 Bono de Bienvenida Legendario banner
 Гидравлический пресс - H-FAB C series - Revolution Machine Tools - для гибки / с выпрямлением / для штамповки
##############################
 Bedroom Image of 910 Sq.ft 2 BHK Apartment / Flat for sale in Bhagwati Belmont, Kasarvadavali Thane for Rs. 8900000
##############################
__WHAT TO DO__: Transcribe the records above exactly, beginning at the line that contains "Bono de Bienvenida Legendario banner" and ending with the line that contains "Гидравлический пресс - H-FAB", both included, and nothing else.

__EXPECTED OUTPUT__:
 Bono de Bienvenida Legendario banner
 Гидравлический пресс - H-FAB C series - Revolution Machine Tools - для гибки / с выпрямлением / для штамповки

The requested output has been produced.